The default configs train a ResNet model on Cifar10. Switching to training Imagenet with ResNet50 and adding wandb logging is as simple as overwriting the defaults on the commandline.

composer -n <n> run.py model=resnet.yaml dataset=streaming_imagenet.yaml logger=wandb.yaml

Project Structure

.
|-- configs
|   |-- algorithms      <-- Algorithm configs
|   |-- callbacks       <-- Callback configs
|   |-- dataset         <-- Dataset configs
|   |-- experiment      <-- Experiment configs
|   |-- logger          <-- Logger configs
|   |-- model           <-- Model configs
|   |-- optimizer       <-- Optimizer configs
|   |-- scheduler       <-- Schedule configs
|   └-- config.yaml     <-- Main config file
|-- logs                <-- Logs generated by Hydra
|-- notebooks           <-- Scratch Notebooks
|-- src
|   |-- models          <-- model source code
|   └-- train.py        <-- Composer entry point
|-- tests               <- Tests of any kind
|-- LICENSE
|-- README.md
|-- requirements.txt
└-- run.py

How does my final config get made?

Hydra configs are works in a hierarchical fashion. The config that ultimately gets created results from config.yaml

defaults:
  - _self_                     # <-- configs defined in this yaml.
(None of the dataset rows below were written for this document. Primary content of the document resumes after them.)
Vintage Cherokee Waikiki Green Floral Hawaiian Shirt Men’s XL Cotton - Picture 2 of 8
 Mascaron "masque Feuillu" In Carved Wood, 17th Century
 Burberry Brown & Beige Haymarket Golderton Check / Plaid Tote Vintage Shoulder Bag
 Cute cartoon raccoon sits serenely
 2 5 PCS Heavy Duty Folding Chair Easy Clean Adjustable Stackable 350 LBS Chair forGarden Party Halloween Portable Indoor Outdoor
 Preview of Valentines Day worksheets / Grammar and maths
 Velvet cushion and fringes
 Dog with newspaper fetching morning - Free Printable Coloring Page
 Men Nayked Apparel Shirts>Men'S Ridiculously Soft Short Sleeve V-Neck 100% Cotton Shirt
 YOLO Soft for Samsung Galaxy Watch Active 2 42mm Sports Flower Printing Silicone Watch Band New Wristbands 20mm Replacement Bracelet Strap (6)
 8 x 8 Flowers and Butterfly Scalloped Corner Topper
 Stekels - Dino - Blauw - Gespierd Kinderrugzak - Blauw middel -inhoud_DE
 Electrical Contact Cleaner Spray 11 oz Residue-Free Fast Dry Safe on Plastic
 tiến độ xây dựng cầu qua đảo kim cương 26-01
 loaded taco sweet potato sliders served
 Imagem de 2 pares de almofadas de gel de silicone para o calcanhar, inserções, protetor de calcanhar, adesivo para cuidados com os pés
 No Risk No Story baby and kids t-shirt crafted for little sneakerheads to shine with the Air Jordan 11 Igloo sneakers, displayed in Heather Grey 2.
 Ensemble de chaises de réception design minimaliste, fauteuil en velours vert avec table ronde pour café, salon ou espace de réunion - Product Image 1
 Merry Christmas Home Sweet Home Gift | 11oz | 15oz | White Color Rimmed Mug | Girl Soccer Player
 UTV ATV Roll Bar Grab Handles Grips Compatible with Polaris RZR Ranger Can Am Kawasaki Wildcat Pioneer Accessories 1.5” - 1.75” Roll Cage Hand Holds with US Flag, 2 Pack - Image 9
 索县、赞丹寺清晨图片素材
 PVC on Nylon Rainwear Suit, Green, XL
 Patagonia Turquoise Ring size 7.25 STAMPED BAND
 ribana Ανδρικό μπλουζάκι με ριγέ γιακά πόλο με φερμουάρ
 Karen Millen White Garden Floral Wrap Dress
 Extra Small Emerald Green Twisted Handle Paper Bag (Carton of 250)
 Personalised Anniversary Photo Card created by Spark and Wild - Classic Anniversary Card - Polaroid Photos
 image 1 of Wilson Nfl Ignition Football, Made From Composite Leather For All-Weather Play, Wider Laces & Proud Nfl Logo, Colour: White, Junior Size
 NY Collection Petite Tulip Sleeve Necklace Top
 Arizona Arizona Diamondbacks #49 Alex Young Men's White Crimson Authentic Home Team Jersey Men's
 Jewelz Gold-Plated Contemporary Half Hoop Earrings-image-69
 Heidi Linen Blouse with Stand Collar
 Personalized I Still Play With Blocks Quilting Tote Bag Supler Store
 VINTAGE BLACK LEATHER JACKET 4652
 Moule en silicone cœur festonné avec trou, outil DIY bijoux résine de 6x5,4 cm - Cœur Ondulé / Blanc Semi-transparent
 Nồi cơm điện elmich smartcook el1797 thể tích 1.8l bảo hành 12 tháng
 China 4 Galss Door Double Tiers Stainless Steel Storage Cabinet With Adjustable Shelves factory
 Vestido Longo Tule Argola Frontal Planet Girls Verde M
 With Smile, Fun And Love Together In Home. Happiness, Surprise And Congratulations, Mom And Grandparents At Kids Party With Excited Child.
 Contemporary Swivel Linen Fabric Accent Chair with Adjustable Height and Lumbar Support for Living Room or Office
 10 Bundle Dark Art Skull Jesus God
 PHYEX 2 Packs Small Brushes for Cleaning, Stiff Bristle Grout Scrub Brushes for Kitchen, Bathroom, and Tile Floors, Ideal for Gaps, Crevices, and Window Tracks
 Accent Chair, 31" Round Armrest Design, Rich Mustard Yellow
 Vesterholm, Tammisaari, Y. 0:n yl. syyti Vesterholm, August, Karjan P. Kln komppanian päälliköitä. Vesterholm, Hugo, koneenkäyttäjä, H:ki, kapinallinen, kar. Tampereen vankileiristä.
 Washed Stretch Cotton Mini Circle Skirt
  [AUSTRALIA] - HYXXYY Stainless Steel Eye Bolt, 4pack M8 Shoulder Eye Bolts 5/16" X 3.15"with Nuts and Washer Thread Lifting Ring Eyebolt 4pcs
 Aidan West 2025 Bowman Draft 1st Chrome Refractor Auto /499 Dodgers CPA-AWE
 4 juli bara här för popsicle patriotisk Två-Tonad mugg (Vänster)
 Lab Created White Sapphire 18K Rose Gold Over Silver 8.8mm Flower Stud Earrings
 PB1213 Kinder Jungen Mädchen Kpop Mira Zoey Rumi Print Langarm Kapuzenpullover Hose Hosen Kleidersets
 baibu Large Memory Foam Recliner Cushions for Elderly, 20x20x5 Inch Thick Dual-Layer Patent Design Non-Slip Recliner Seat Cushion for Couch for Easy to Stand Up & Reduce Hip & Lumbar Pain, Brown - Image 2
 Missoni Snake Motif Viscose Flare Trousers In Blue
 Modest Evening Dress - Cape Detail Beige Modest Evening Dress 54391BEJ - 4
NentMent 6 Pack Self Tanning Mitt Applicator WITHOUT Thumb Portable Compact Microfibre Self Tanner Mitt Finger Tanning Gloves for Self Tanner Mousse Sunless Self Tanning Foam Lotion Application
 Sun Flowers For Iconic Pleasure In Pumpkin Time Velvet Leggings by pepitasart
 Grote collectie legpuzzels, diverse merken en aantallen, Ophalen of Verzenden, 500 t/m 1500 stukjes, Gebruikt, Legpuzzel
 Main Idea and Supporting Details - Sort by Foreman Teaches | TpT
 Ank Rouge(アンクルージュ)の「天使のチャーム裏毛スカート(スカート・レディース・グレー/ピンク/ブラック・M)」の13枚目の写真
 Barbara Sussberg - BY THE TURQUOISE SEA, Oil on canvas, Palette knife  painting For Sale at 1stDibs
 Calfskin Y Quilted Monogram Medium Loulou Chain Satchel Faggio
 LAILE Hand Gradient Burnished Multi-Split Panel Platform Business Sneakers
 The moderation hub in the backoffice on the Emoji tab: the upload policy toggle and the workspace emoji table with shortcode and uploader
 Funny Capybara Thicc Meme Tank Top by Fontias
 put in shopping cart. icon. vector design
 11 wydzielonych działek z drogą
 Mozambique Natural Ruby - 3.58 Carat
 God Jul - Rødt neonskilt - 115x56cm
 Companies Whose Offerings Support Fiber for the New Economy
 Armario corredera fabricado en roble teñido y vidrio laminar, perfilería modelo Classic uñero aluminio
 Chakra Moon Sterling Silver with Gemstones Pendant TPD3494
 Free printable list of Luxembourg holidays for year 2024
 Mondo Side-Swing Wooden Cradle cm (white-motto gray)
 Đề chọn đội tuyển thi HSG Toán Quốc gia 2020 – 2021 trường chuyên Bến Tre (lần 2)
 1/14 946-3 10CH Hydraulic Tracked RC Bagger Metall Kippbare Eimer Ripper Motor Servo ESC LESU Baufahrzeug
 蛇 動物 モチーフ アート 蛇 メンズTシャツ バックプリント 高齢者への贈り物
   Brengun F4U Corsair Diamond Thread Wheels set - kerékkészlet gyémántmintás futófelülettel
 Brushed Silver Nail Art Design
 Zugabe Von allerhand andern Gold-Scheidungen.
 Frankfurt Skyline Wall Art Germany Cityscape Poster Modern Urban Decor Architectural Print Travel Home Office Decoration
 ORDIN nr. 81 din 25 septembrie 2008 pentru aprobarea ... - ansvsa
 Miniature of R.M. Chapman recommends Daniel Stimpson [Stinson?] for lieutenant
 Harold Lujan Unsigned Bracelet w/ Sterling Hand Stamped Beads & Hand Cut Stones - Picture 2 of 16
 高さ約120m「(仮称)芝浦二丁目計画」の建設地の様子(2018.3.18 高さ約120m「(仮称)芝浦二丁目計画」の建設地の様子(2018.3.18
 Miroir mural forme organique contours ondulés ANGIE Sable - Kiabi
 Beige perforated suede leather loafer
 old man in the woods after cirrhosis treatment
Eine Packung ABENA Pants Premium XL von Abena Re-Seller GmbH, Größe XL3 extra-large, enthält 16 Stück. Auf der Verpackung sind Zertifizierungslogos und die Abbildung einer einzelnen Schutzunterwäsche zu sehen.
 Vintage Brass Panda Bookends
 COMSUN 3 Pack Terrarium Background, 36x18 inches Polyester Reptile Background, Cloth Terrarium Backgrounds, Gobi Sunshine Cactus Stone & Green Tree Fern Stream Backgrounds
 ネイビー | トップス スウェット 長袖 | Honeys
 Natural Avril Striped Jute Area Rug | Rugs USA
They are overwritten by all following defaults
  - model: cifar_resnet.yaml
  - dataset: streaming_cifar10.yaml
  - logger: null
  - optimizer: default.yaml
  - scheduler: default.yaml
  - callbacks:  
    - lr_monitor.yaml
    - speed_monitor.yaml
    - checkpoint.yaml
  - trainer: default.yaml
  - algorithms: null 
  - experiment: null

seed: 42
name: hydra-test-run

Values in yamls loaded last have take precident over values loaded first. Because experiment is loaded last all things configured in configs/experiment/ are the ultimate source of truth. Values can also be overwritten/added on the commandline. Those values take ultimate precedent.

✨ProTip✨ to see the final composed config passed to the trainer without running the job add --cfg job.

# Keys defined in the config can be overwritten on the commandline 
python run.py experiment=resnet_mild trainer.max_duration=45 

# Keys NOT defined in the config can be extended by adding `+`. 
# This will cause an error if the key IS defined
python run.py experiment=resnet_mild +trainer.grad_clip_norm=1.5 

# adding `++` will overwrite the key if defined or append the ky if not present
python run.py experiment=resnet_mild ++trainer.grad_clip_norm=1.5 

How is this different than yahp?

Yahp also uses yaml and configures objects for train. The difference is that code doesn't have to be added to the composer/yahp registery to be used with composer. Lets compare the yahp and hydra configs to see the difference dding algorithms in the yaph based mild ResNet recipe.

Yahp:

algorithms:
  blurpool:                                      # <-- names are specific keys which need to match a yahp intializer the yahp registery
    blur_first: true
    min_channels: 16
    replace_convs: true
    replace_maxpools: true
  channels_last: {}
  ema:
    half_life: 100ba
    train_with_ema_weights: false
    update_interval: 20ba
  label_smoothing:
    smoothing: 0.08
  progressive_resizing:
    delay_fraction: 0.4
    finetune_fraction: 0.2
    initial_scale: 0.5
    mode: resize
    resize_targets: false
    size_increment: 4

Hydra:

algorithms:
  blurpool:                                     # <-- names don't need to match but can be referenced
    _target_: composer.algorithms.BlurPool      # <-- objects are initialled by the import target provided to the _target_:
    blur_first: true                            # <-- any kwargs in composer.algorithms.BlurPool will can be filled
    min_channels: 16
    replace_convs: true
    replace_maxpools: true
  channels_last:
    _target_: composer.algorithms.ChannelsLast
  label_smoothing:
    _target_: composer.algorithms.LabelSmoothing
    smoothing: 0.1
  ema:
    _target_: composer.algorithms.EMA
    half_life: 100ba
    train_with_ema_weights: false
    update_interval: 20ba
  progressive_resizing:
    _target_: composer.algorithms.ProgressiveResizing
    delay_fraction: 0.4
    finetune_fraction: 0.2
    initial_scale: 0.5
    mode: resize
    resize_targets: false
    size_increment: 4

How do I add my own code?

1) Write the code in src (An example is provided in src/models/resnet9.py)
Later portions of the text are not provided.